Los psicólogos Daniel Kahneman y Amos Tversky revelaron los dos modos de pensar que tiene el ser humano, el “pensar rápido” y el “pensar lento”. El pensar rápido es intuitivo, un piloto automático como el que dirige el inspirado ballet de Leonel Messi frente al arco o que permite que cualquier persona pueda caminar por una vereda concurrida casi sin poner atención y sin chocar con otro peatón. El pensar lento es la reflexión deliberada, como cuando decidimos la mejor fecha para una vacación. Ambas formas de pensar son esenciales en la vida de un individuo. Y también en la vida de una sociedad. 

En el caso del ser humano, pensar rápido es una capacidad que está cableada biológicamente, pero en una sociedad la capacidad es decidida y construida colectivamente. Estos “cables” son la normatividad. Al final, la función es la misma: las normas vienen a ser el mecanismo de pensar rápido de una sociedad. Cuando no se cuenta con esa capacidad, el resultado es una parálisis. Ni la persona ni la colectividad pueden funcionar sin una importante capacidad para pensar rápido. 

Imaginemos, por ejemplo, dos carros que llegan a un cruce de calles. ¿Cómo decidir cuál debe pasar primero? ¿Analizar las prioridades de vida, derechos constitucionales y trascendencia para la sociedad de cada uno? O poner un semáforo y el que llega tarde, pues piña. Pisarse los talones es inherente a vivir en una colectividad y lo ideal es siempre lograr la solución más justa para cada uno de esos encuentros. Las reglas generales implican decidir ciegamente hasta cierto punto, pero dirimir en función de las particularidades de cada caso significaría condenar a todos a una menor efectividad, si no a la parálisis. La sociedad que no es capaz de encontrar un punto medio entre el pensar rápido de las normas generales y el pensar lento de la discreción no logra ni justicia ni efectividad. 

Hay diversos obstáculos para lograr un mejor balance entre la discreción y la eficiencia general. La eficiencia no tiene electorado. La eficiencia produce una mejora para todos, pero pequeña y gradual. Es una opción que no compite contra los beneficios directos de normas especiales para favorecer a ciertos ciudadanos. Y goza no solo de la aprobación del beneficiado directo sino del ejército de profesionales y funcionarios cuya labor será diseñar y administrar la norma especifica. Con el aplauso general se multiplican entonces las normas específicas y discrecionales. 
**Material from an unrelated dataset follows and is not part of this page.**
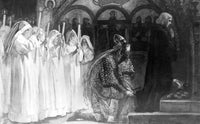 Sir Galahad Takes Oath of Knighthood Poster Print in multiple sizes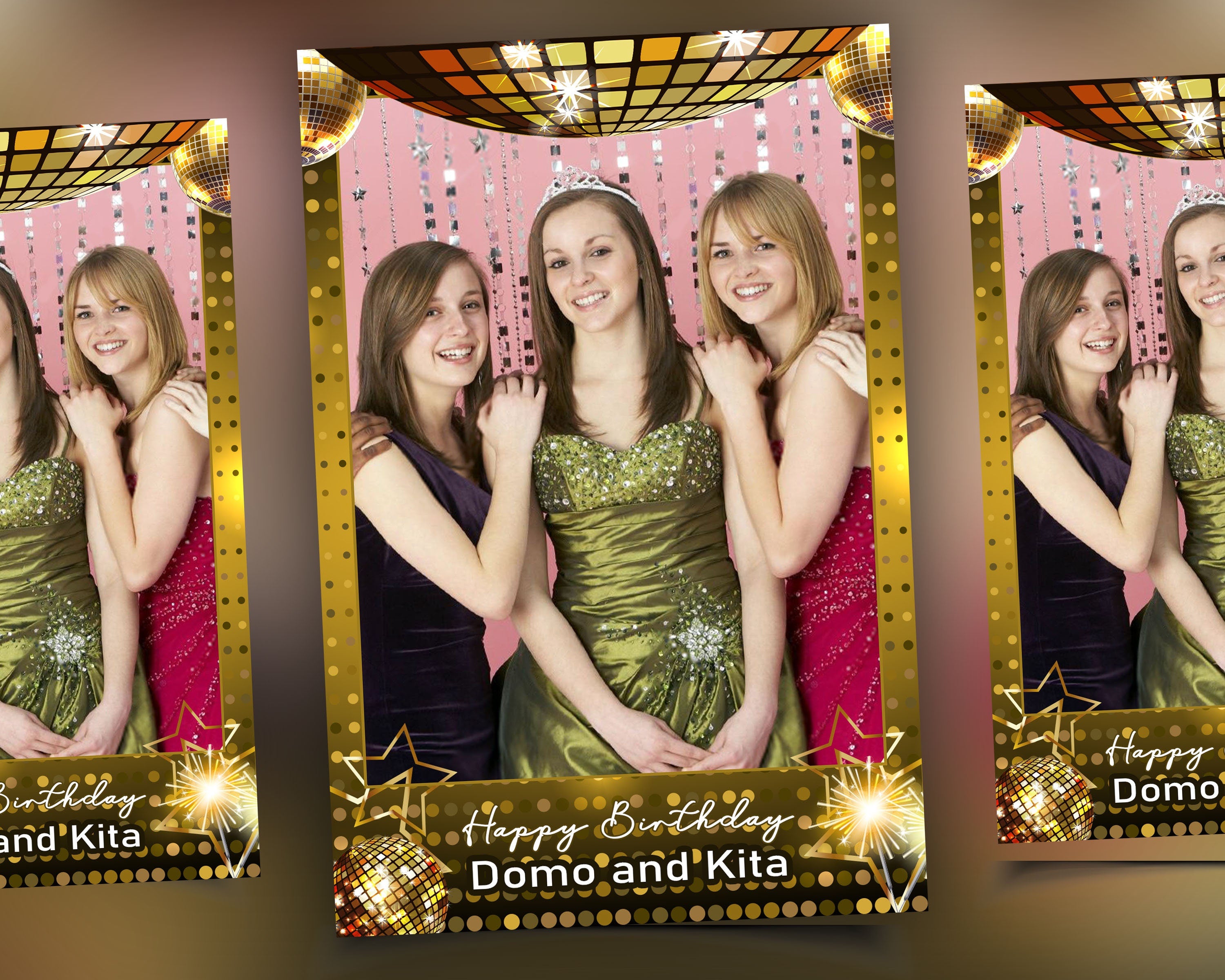 Golden Birthday Party Photobooth Template, Disco Party, New Year, Holiday Night, Festival, Celebration Photo Booth Template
El Perú ha pasado sin duda el punto óptimo en el balance entre la discrecionalidad y las normas generales y la marea normativa hasta parece tomar velocidad. El país parece estar paralizado ante el creciente exceso normativo, cuyo efecto evidente es incapacitar al gobierno y reducir la verdadera normatividad. Es un fenómeno que por años ha sido reconocido y criticado continuamente en los ámbitos de la economía y de la justicia, pero hoy nos encontramos cara a cara ante su efecto paralizante también en el ámbito electoral. Con el pretexto de un gobierno más humano, que es el argumento para cada avance de la ola normativa, terminamos empobreciéndonos económicamente y moralmente. La discrecionalidad, al final, favorece al fuerte y entorpece a todos. Como país, estamos optando por paralizar nuestra capacidad para pensar rápido.   
Quizá los acontecimientos, o más bien los “no-sucesos” electorales, puedan servir para un abrir de los ojos.